夏の早朝、ひと気のない山道をロードバイクで走っていると、2匹のキョンの子供が森の中から飛び出してきました。時速35kmで走るロードバイクの脇を並走しながら、2匹が戯れ合うようにして駆けていく姿には生きる力が満ち溢れていて、千葉県が必死に繁殖を食い止めようとしている特定外来生物であっても、この世に生を受けた一つ一つの命なのだということをあらためて実感させられます。

eatosの周囲でも庭をてくてく歩いていたり、畦道を猛ダッシュする姿をよく見かけます。

目先の利益のために見世物として連れてこられたキョン。施設の杜撰な管理で野生化して、急速に繁殖し、農作物の被害が出始めたら今度は邪魔者扱いされるキョン。

人間の強欲さ、身勝手さ、想像力のなさに愕然とすると共に、自分の中にもそういった人間ならではの愚かさが当然のように備わっていることを思い知らされます。

そして駆除される側のキョンの視点で見た世界を想像してみると、人間の行為の恐ろしさに背筋が凍りつく。

殺処分という言葉。
捕まえて、殺して、捨てる。

ただ、ひとつの命としてこの世に生まれてきただけなのに、生まれたときから何故か周囲の人間に迷惑がられて、捕らえられて、殺されて、捨てられる。

キョンを捕獲しなければならない方々の中には、貴重な命をいただくのだから、ただ殺してしまうだけでなく、できるだけ大切に活用しなければと考えている人もきっとたくさんいて、その価値観やバランス感覚は人としてとても大事なことなんじゃないかと思う。
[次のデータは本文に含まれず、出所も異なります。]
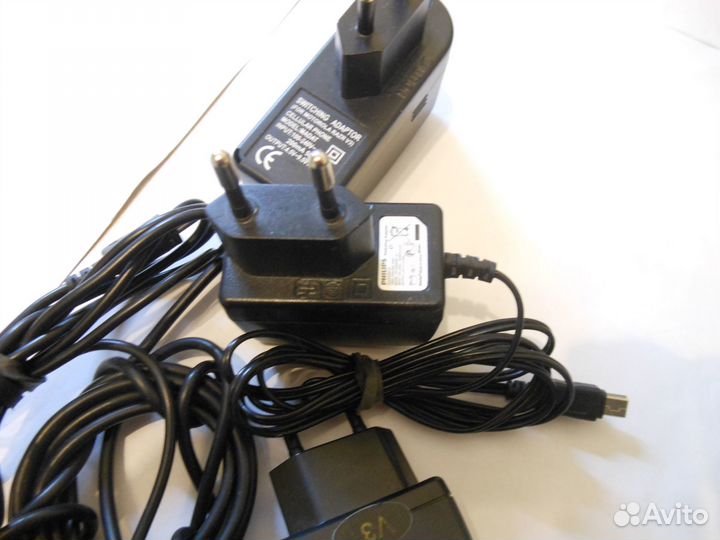 Зарядное устройство Mini-USB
鳴き声は確かにちょっと怖いし、夜行性にも関わらず最近は昼夜問わず見かけるキョン。そんなキョンも当然のことながらちゃんと生きている美しい命です。

実際に被害にあわれている農家の方々にとっては死活問題になりうることだから、何か手を打たなければならない状態なのは仕方のないことなのだと思うけど、金になるから連れてきて、邪魔になったら駆除すればいい、という人間全体としての行為を、立ち止まって考える必要はあるんじゃないか。

自分が直接連れてきたわけではないから関係ない、とかそういうことではなくて、ただ駆除されるべき対象として捉えるのではなく、人間が犯してしまった過ちや、自然の中で果たすべき責任みたいなものを考えるきっかけになったらいいと思います。

自然へのリスペクト、目に見えないものへの畏怖のようなものを取り戻していくこと。そして自分以外の人や動物の視点で想像し、共感しようとする努力。平和で穏やかな世の中を作っていくために一人ひとりができることって、きっとそんなことなんじゃないかと、疾走するキョンたちを見ながら思った夏の早朝でした。